Yeah, the fear of talking in front of many people.

Since I was young, I've been really shy. I seldom talk to other people but that changed a bit when I met my adorable, lively and talkative best friend. We're the total opposites but we clicked, it's like we're really fated to be friends.

"Go find a seat now" I nodded and headed straight towards the vacant chair in the mid right corner near the windows.

As I sat down, the professor started her lessons already so I listened and yawned, just kidding. I dont yawn in public, it's too contagious and I might get caught.

Listening.

It has been ten minutes and I noticed that my seatmate at the back was poking me so I turned to face him. He smiled at me like we've known each other for so long but I didn't smile back because I felt weird.

"I'm reminding you about your bucket list journal. Submit it next week, okay? Oh for Ms. Mendez, it is by pair. Class dismiss" She headed straight towards the door.

What? By pair? How am I supposed to find a pair right now? I don't even know these people.

"Hey, the name's Killian. I don't have a pair so I guess you're my partner" I faced him then looked at him with a weird expression. He is feeling a bit close.

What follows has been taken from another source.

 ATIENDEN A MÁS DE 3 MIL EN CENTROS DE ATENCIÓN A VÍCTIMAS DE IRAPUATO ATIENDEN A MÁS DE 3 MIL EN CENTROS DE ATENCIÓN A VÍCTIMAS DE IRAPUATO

I didn't really have any guy friends in my entire life because most of them bullied me. Especially when we're kids, they bully me because I was so pale and skinny. So I kinda hated the idea of having guys as friends.

"Don't worry, I don't bite" He laughed softly at his own joke while I'm just staring at him straight. He is really weird. Weirder than I am.

Am I really stuck with this guy? No other girl that has no pair?

Looking.

Dang it. No one. They are all busy talking about their plans and applying makeup on their faces. I guess I'm stuck.

I just need to act normal. If I want to get through this semester, I have to get along with others without them knowing I have cancer. So I guess, I'm starting with this guy. I'll change my views and attitude starting now.

Changing.

"Okay. Let's be partners, call me Vey." I smiled at him gracefully. He just stared at me for a moment and it's already making me conscious. Is there something wrong with my face? Is there dirt? Or some kind of germs?

Why was he staring at me like that? His stares were really making me feel awkward and the other feeling that I could not explain.

I have never felt this before. I always knew what I'm feeling. I could always tell but right now it's just unexplainable. Like my whole blood is coming up to my cheeks making me so hot.

"You're cute when you blush. I'm going to call you Race so call me Killian, everyone here calls me Heiro" Was I blushing? Is he playing around with me?

Ugh. Why am I feeling so strange right now? Him calling me Race makes me a bit happy. He's the first one calling me that.

Aish. I can't take this anymore. I need to go home. The class is already over so I think I could go outside. I have to figure out this feeling.

I could not possibly like him. No. That's impossible. I'm already set. I don't need to have a boyfriend or a special someone that's going to get hurt more than me when I leave. And besides, I only met this guy today. Who knows what kind of man he really is.